Pikiran kacau yang saya harus terima saja. Saya hanya beragumen bahwa sebagai orang yang incomenya diterima bulanan, saya harus punya hak untuk mengangsur sesuai kemampuan. Ini kami lakukan setiap melakukan restrukturisasi pinjaman antara bank dan nasabah. Maka dengan menggunakan suku bunga yang berlaku dan berapa kali mengangsur saya menghitung nilai kini (present value) dari Rp25 miliar itu adalah Rp7 miliar, dan buat kedua rekan saya masing-masing Rp5 miliar.
Nah saya harus bayar Rp7 miliar atau masuk kurungan 7 bulan. Tangan Tuhan menentukan, karena mantan gubernur yang selaku guru besar ini pensiunnya hanya Rp5 juta setiap bulan, untungnya punya saudara yang pengusaha cukup kaya untuk membayar Rp7 miliar.

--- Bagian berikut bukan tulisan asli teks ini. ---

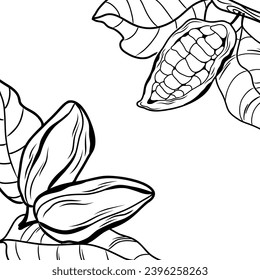 Vector template with cocoa fruits and leaves in line art style, minimalistic hand drawn design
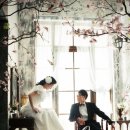 파인스튜디오 이미지
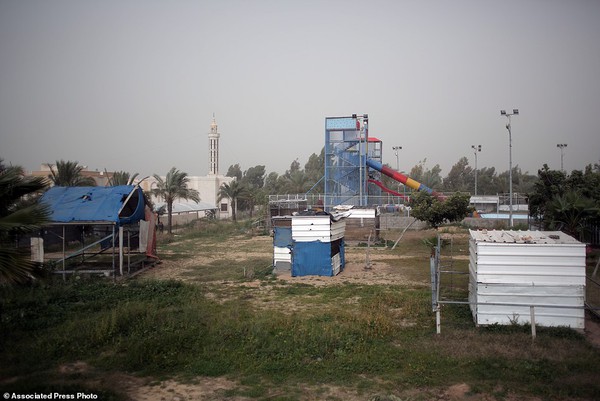 Những con vật chết mòn trong sở thú dải Gaza - Ảnh 9.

Jadi saya terbebas dari hukuman kurungan karena adik ipar saya Hashim Djojohadikusumo yang baik hati membayar cash buat saya. Begitu cerita tragis yang menimpa diri saya. Tapi biarlah, pejabat lain ada yang enak saja nyolong duit negara atau menerima gratifikasi dari pengusaha, saya sebaliknya bisa bilang saya menghadiahkan dana Rp7 milia kepada BI yang tentu saja enggak ada artinya. Tapi ini bukan hoaks karena cerita beneran. Sekian saja. (Dradjad, 07/09/2025).
Guru Besar Ekonomi Emeritus, Fakultas Ekonomi dan Bisnis, Universitas Indonesia (FEBUI), Jakarta.